# WORK REQUEST
Without the pictures, write out all the lines below exactly as they appear.
+---+
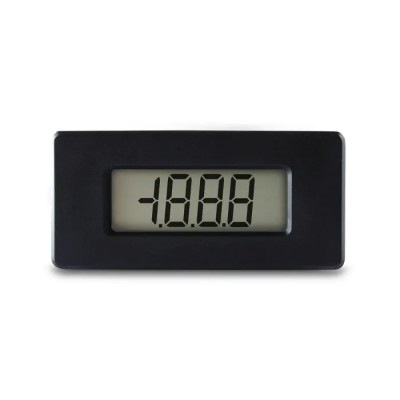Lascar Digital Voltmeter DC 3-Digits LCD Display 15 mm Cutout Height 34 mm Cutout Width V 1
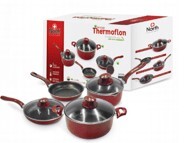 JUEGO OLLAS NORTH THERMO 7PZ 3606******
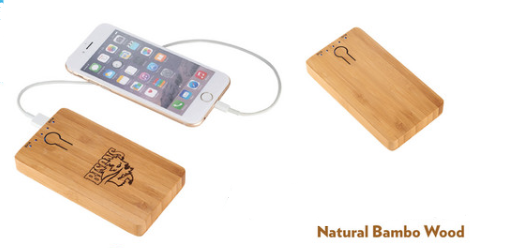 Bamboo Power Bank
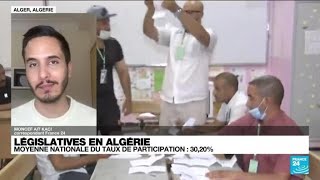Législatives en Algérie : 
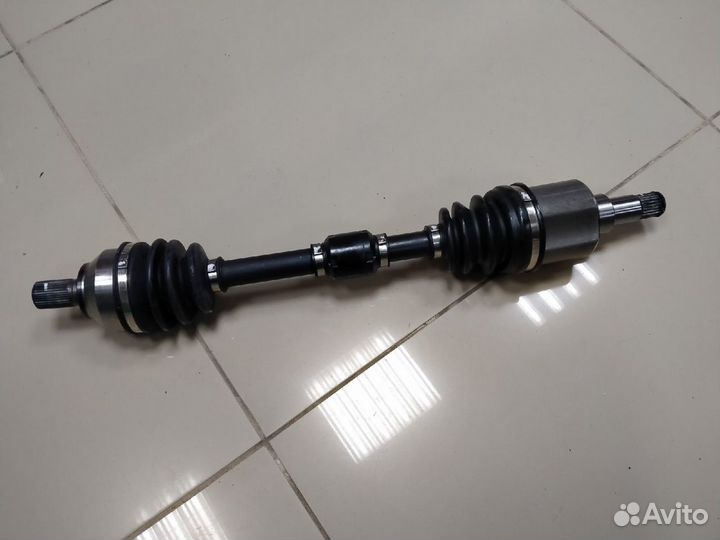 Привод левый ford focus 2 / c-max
+---+
# RESPONSE TO THIS TASK
Lascar Digital Voltmeter DC 3-Digits LCD Display 15 mm Cutout Height 34 mm Cutout Width V 1
 JUEGO OLLAS NORTH THERMO 7PZ 3606******
 Bamboo Power Bank
Législatives en Algérie : 
 Привод левый ford focus 2 / c-max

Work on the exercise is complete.